Drugs approved for other conditions may have antibiotic effects

By Stephen Feller

CHAMPAIGN, Ill., Dec. 22 (UPI) -- Researchers at the University of Illinois found they may be able to target bacteria by combining already-approved drugs, effectively creating new antibiotics to treat infections which have become resistant to traditional antibiotics.

The scientists said using other drugs to target multiple points on bacteria cells could be effective because bacteria may not be able adapt as quickly to new treatments.


"What we found is that a lot of FDA-approved molecules that are in use actually do kill bacteria and also act as uncouplers. We were kind of surprised to find that," said Eric Oldfield, a chemistry professor at the University of Illinois, in a press release. "What's even better is that some of those molecules also inhibit enzymes specific to bacteria, or disrupt the membrane or the cell wall."

In the study, published in the Proceedings of the National Academy of Sciences, the researchers showed currently-approved drugs such as the lebrosy drug Lamprene, the infertility drug clomiphene, and the 3-year-old bedaquiline, which is used for tuberculosis, can be used against infectious bacteria.

The researchers said they plan to develop compounds similar to the drugs that more effectively kill bacterial cells and may also help prevent resistance.


"The whole idea is that it's possible that some of these compounds that are FDA-approved will work.

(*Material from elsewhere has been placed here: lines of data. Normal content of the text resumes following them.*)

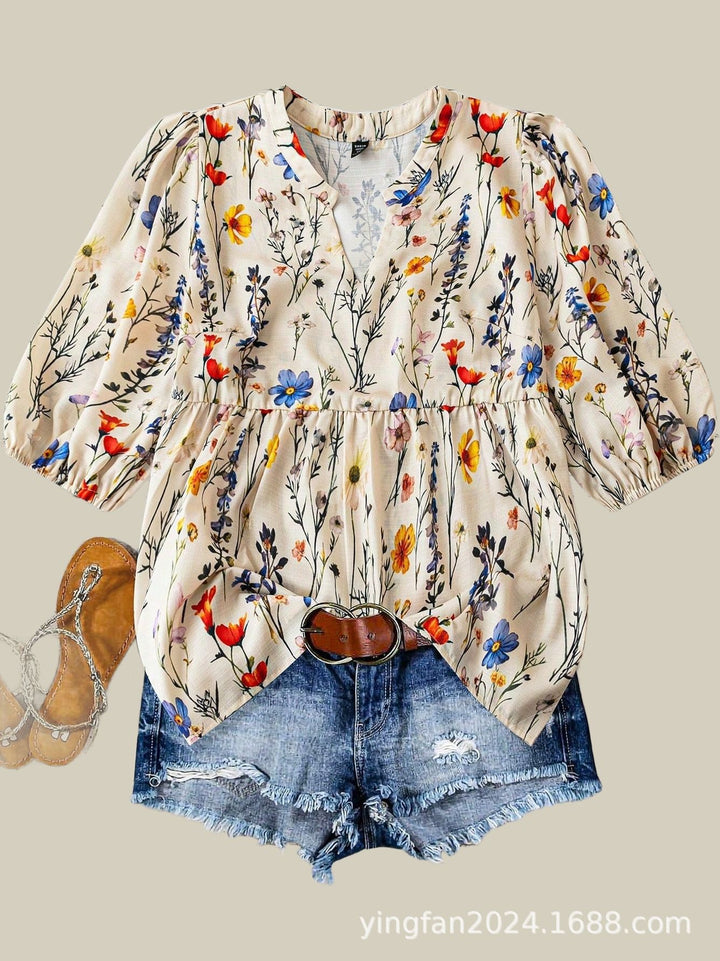 Dame Floral Print Peplum Bluse Stilla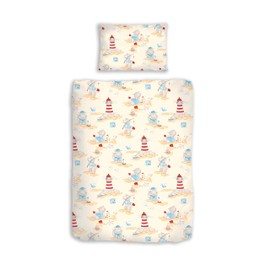 Träumschön Renforce Children's Bed Linen 100 x 135 cm Cream Beige - Baby Bed Linen Hippo Design - Great Summer Bed Linen 135 x 100 cm Children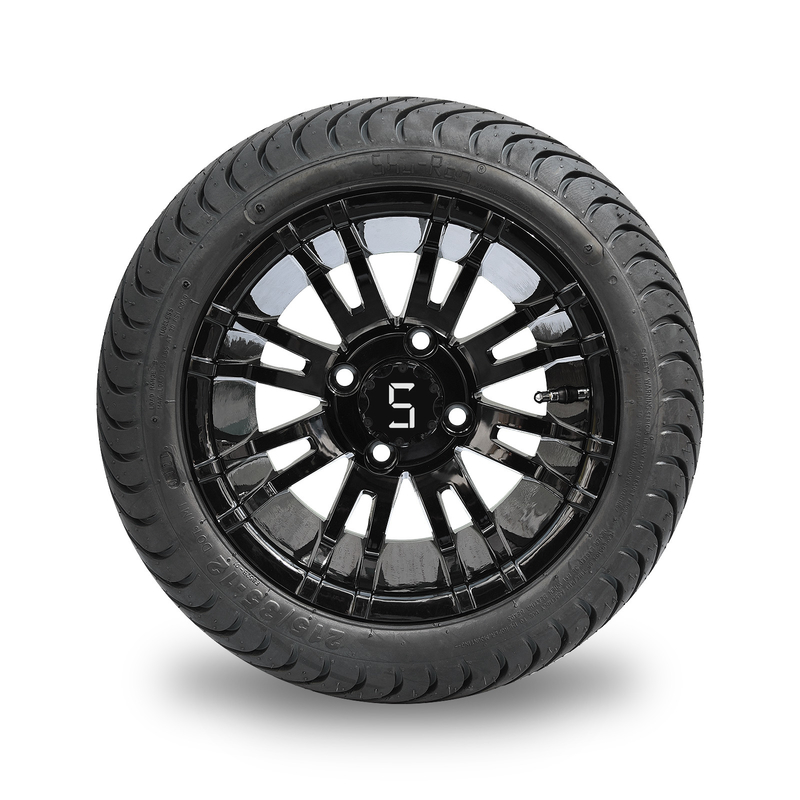12'' Glossy Black Golf Cart Wheels And 215/35-12 Low Profile Tires Assembly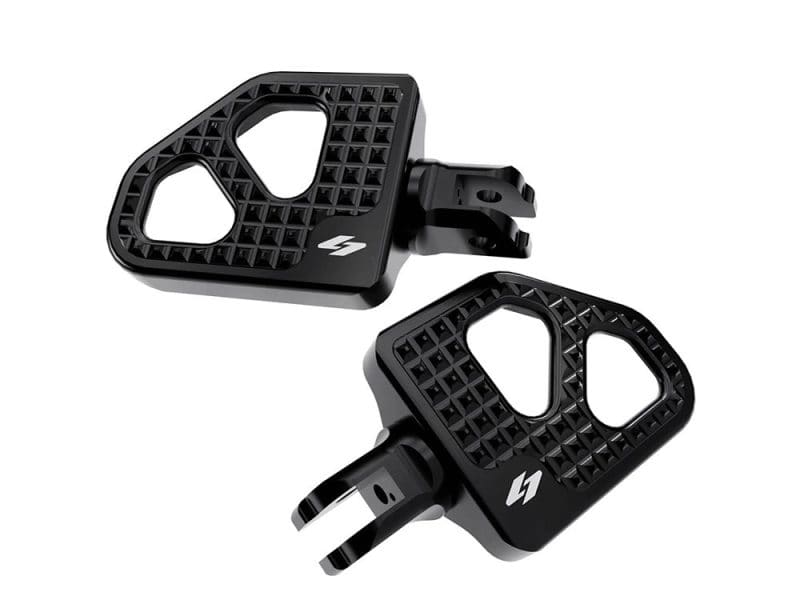 Lightweight aluminium motorcycle pedals for Revelry Motorcycles, durable and high-performance cycling accessories.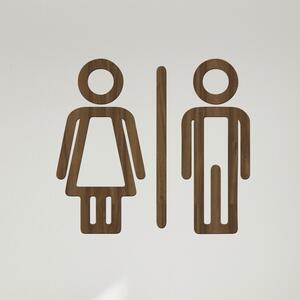 Dřevo života | Dřevěná samolepka označení WC - Toaleta | Rozměry (cm): 13x12 | Zvolte barvu dekoru: Ořech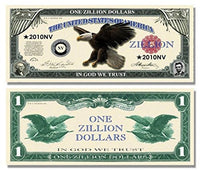 5 Zillion Dollar Bills with Bonus Thanks a Million Gift Card Set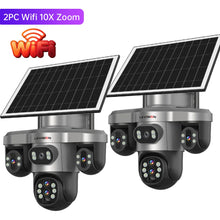 LS VISION solar security camera, solar panel and WiFi connectivity view in black and silver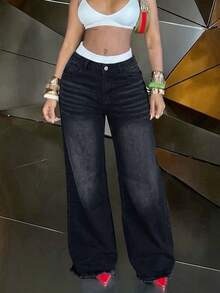 Celana Jeans Denim Wanita Gaya Street Retro Musim Gugur/Dingin dengan Ujung Berumbai dan Potongan Lebar - Hitam - View 3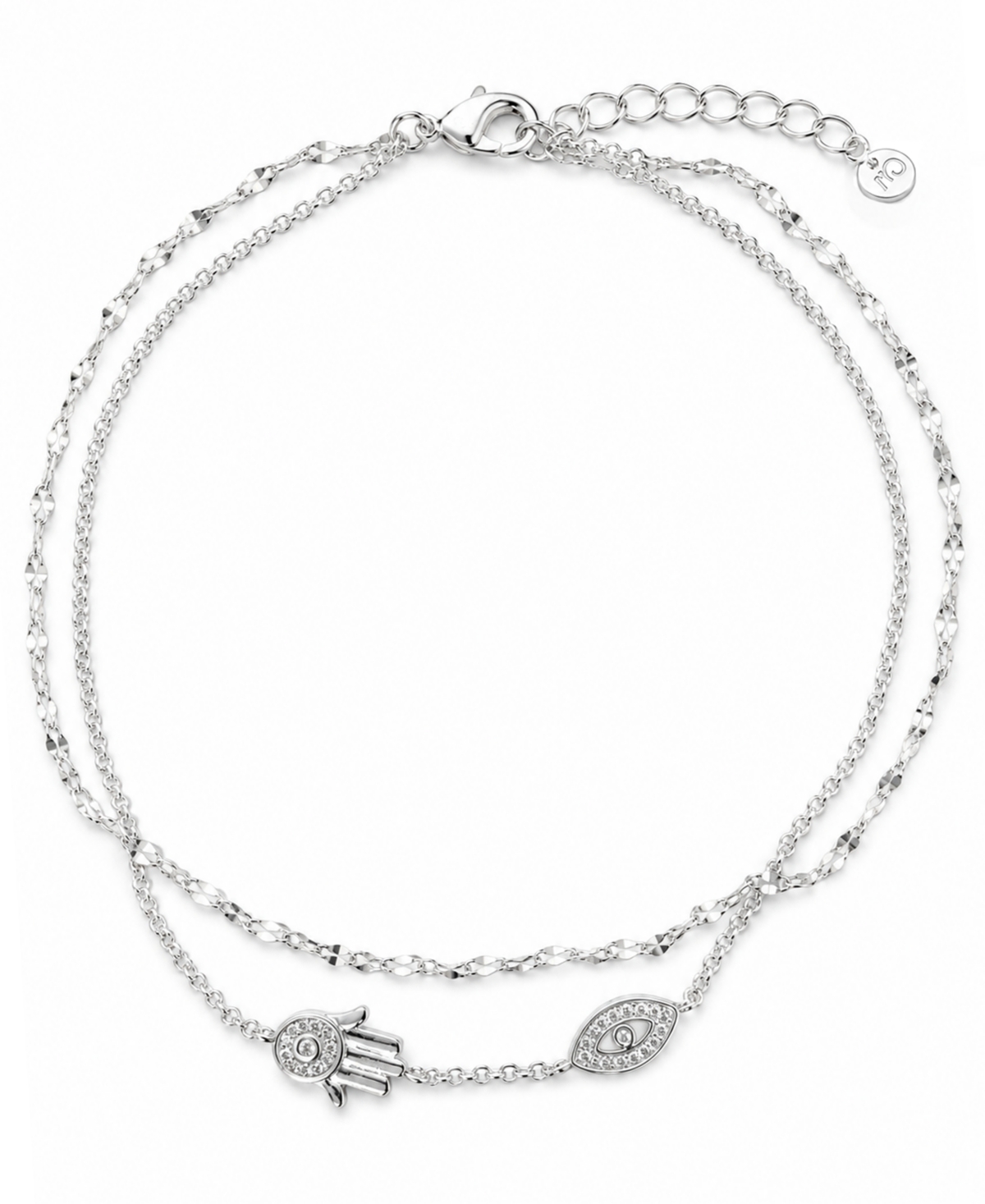 And Now This Double Row Cubic Zirconia Hamsa Hand and Evil Eye Anklet in Silver Plate - Silver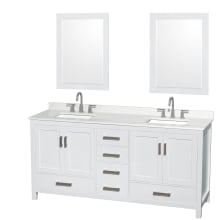 Sheffield 72" Free Standing Double Basin Vanity Set with Cabinet, Quartz Vanity Top, and Framed Mirror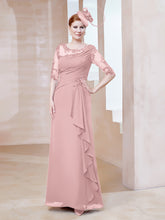 Robe en Mousseline à Manches Mi-longues et Décolleté Illusion avec Dentelle Rose Poudré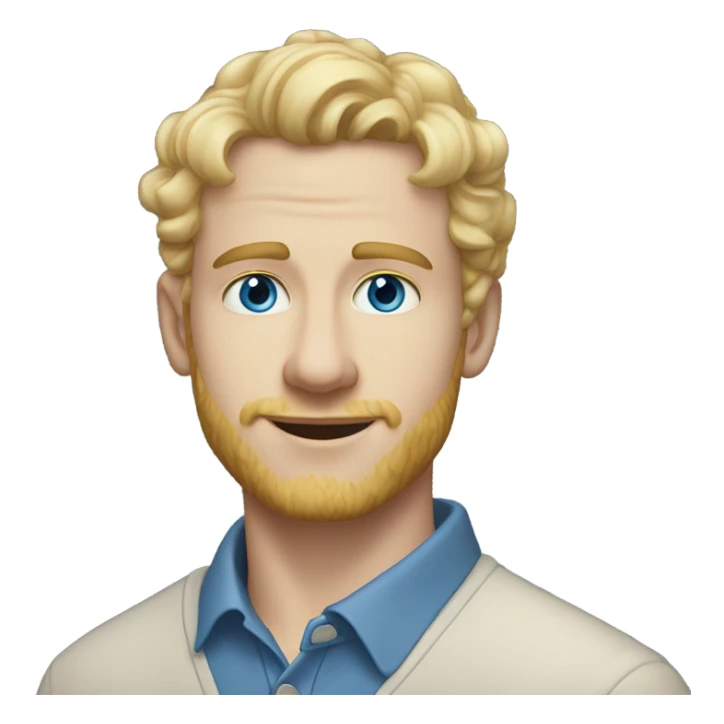 3/4 profile light curl blonde 30yo man blue eyed pale skin sticker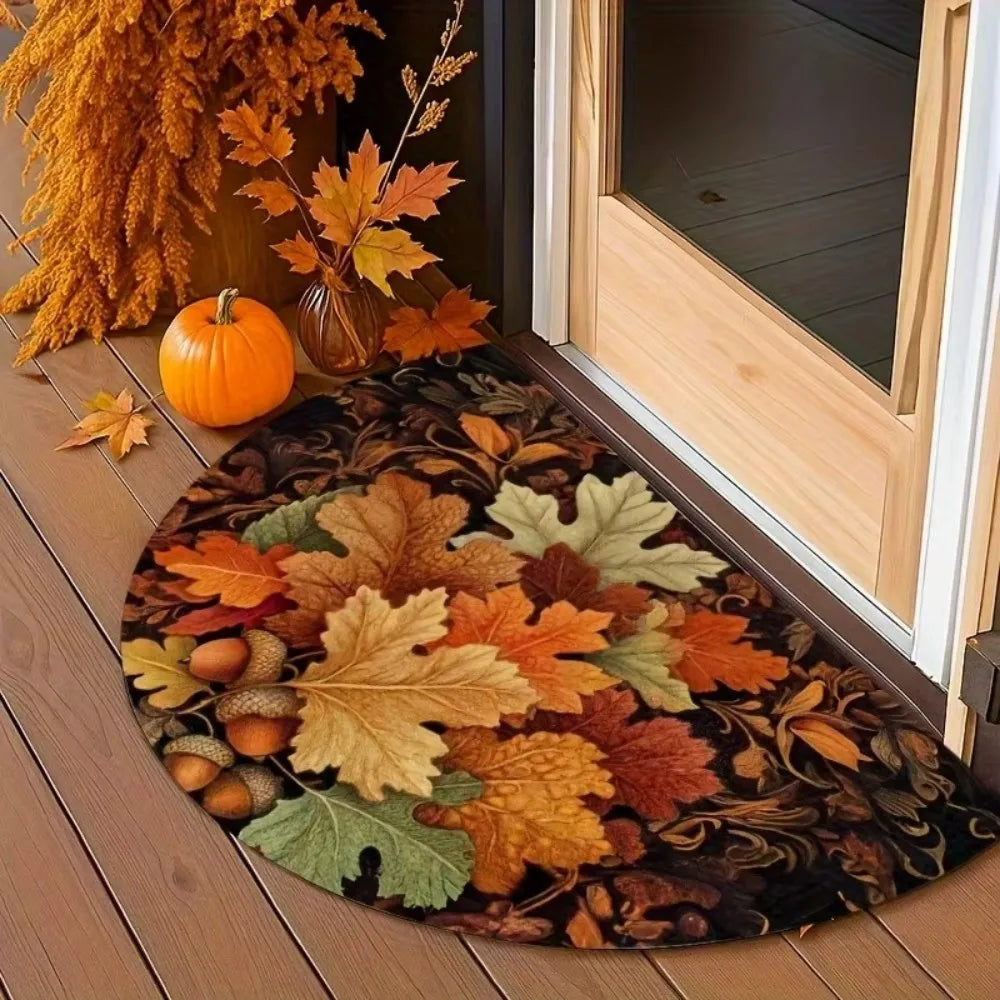Autumn Maple Leaf Half-Circle Floor Mat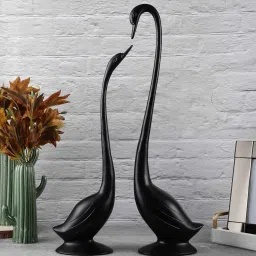 voidrop Couples Swan Kissing Bird Black Aluminium Figurine image 1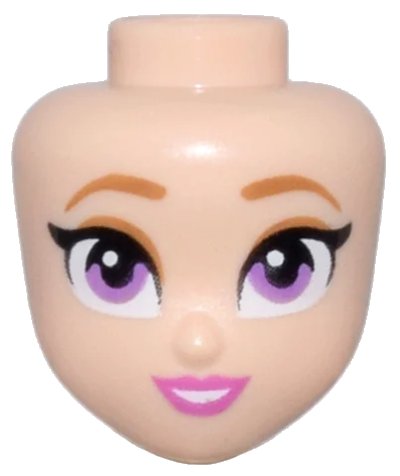 LEGO onderdeel Mini Doll, Head Friends with Medium Nougat Eyebrows and Eye Shadow, Medium Lavender Eyes, Dark Pink Lips and Open Mouth Smile with Teeth Pattern (101799)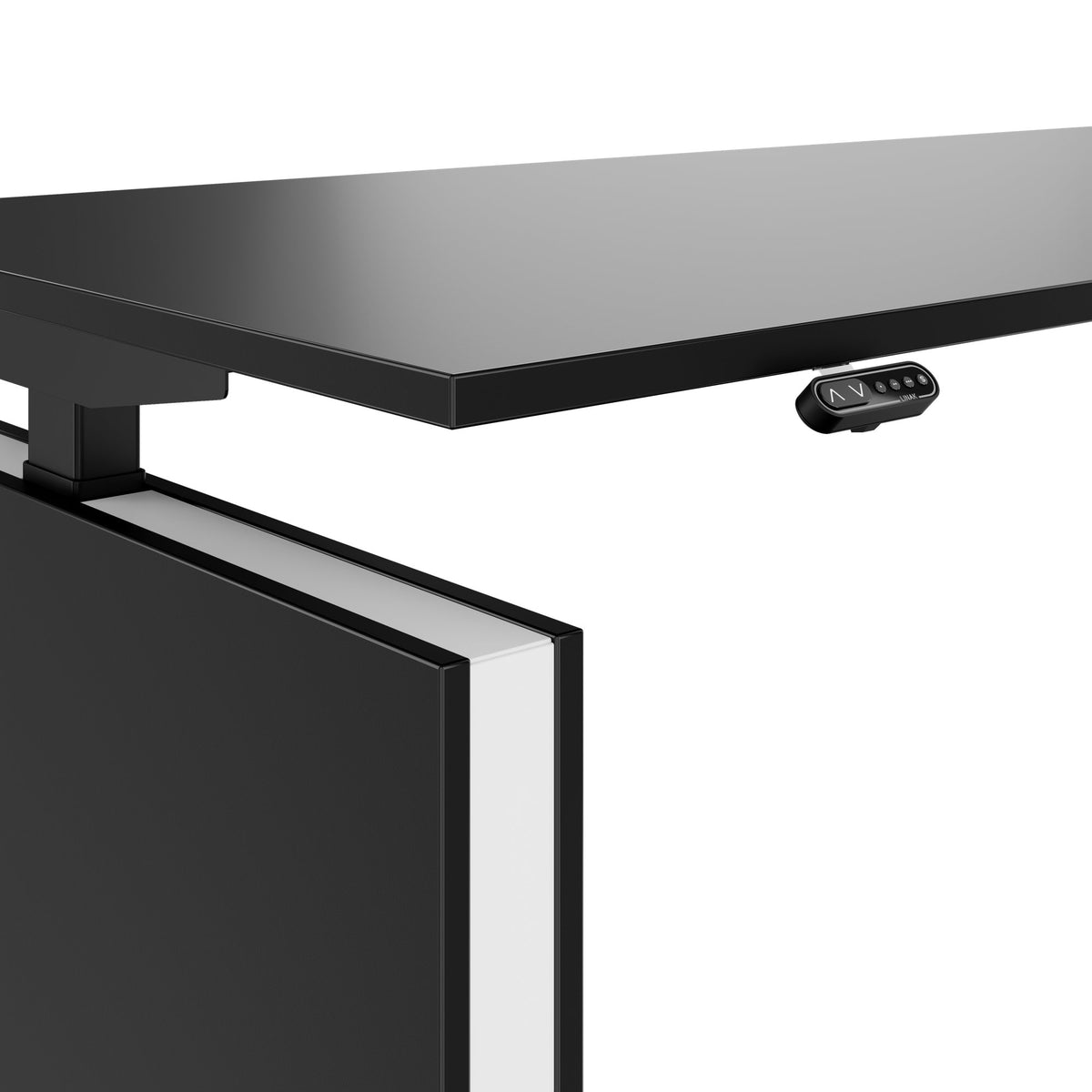 MOTION 2-Motoren-Schreibtisch mit Sideboard | Elektrisch höhenverstellbar, 2000 x 1800 mm, Schwarz - 6 Lightbox Main Image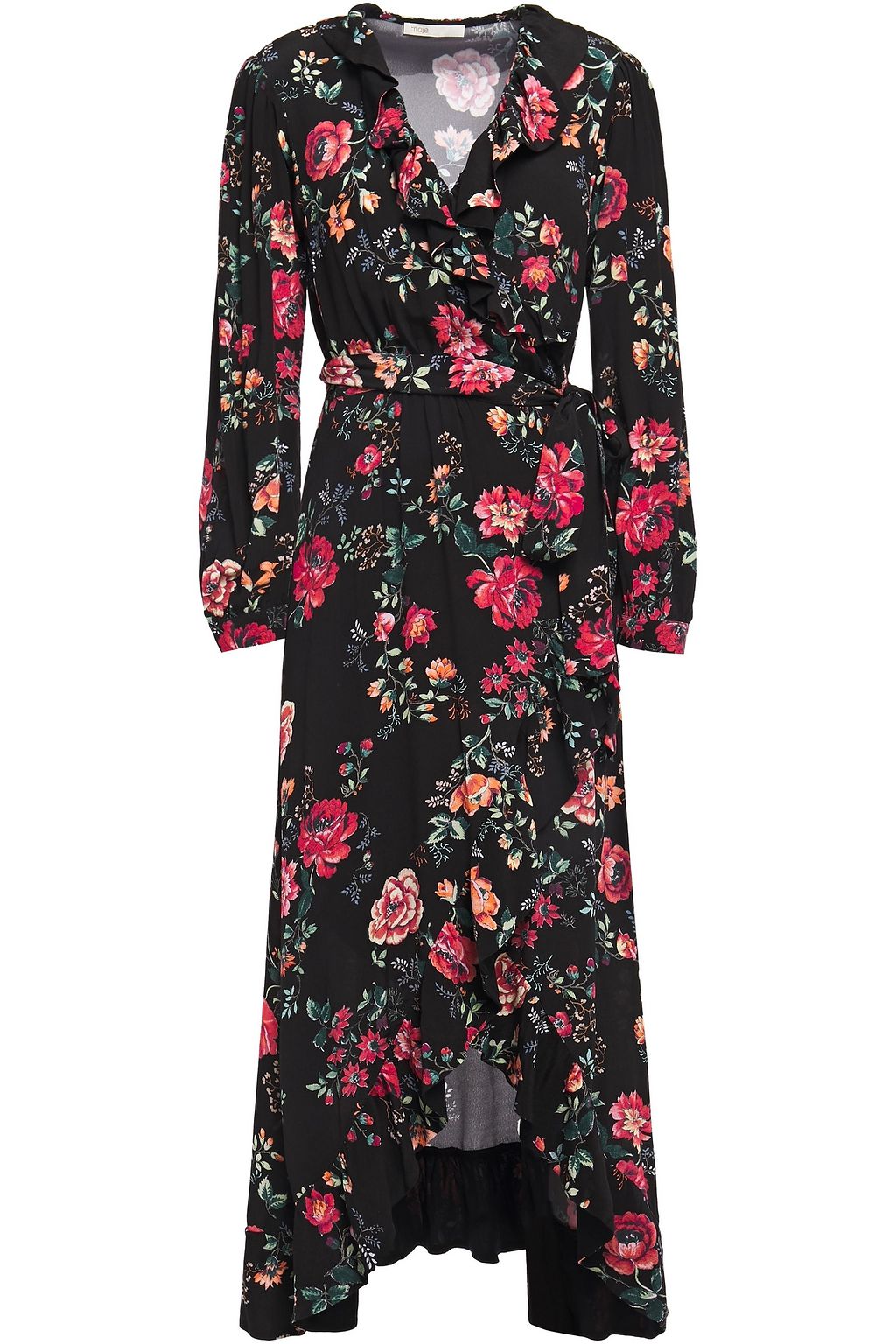 floral georgette ruffled wrap dress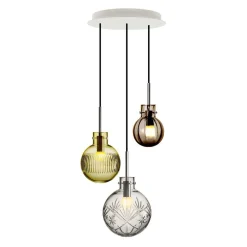 Kjøkkenbelysning Tak|Takpendler>Hadeland Glassverk Rav kuler 3 stk - Sort Baldakin Krystall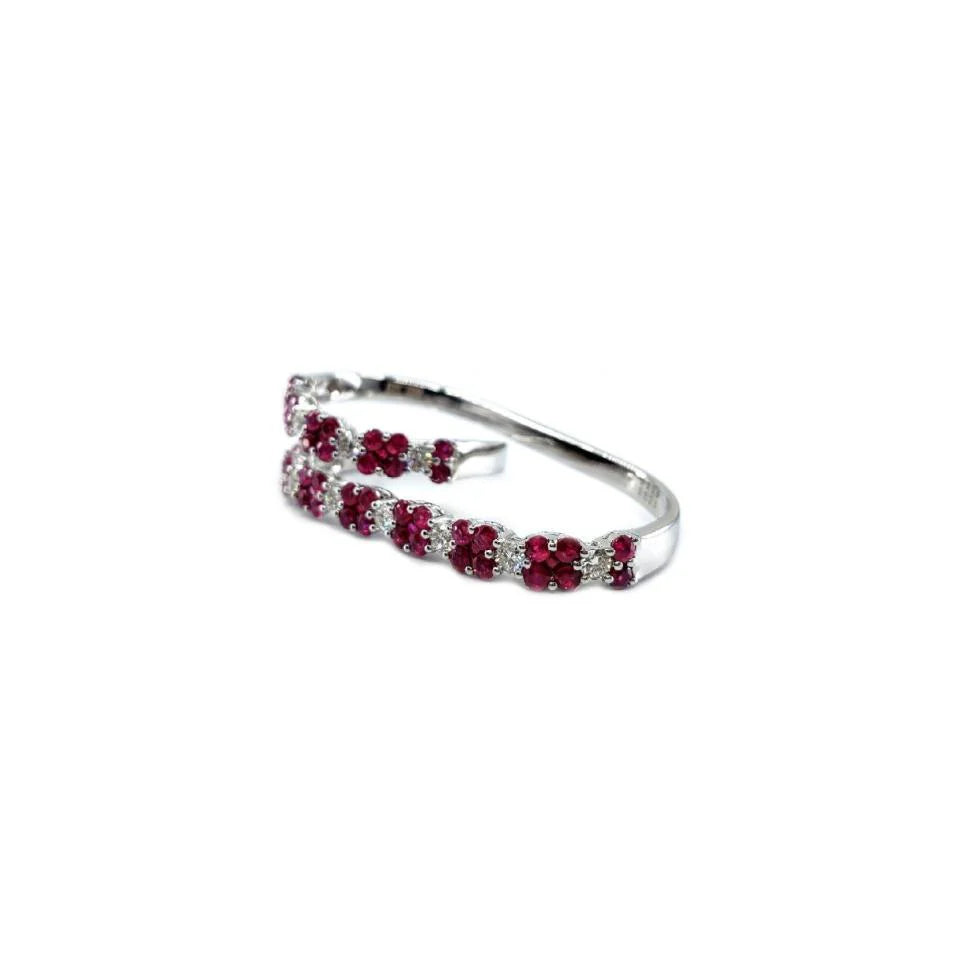 18KT WHITE GOLD RUBY AND DIAMOND RING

You can screen a million chemicals to find a new compound but in general you have no idea about its toxicology, or you can start with something that's known," Oldfield said. "Once you start making derivatives, you'll have to prove they're safe, but there's a greater chance to get something that's safe and effective by starting with an approved drug than if you just go into the chemistry lab and screen unknown compounds."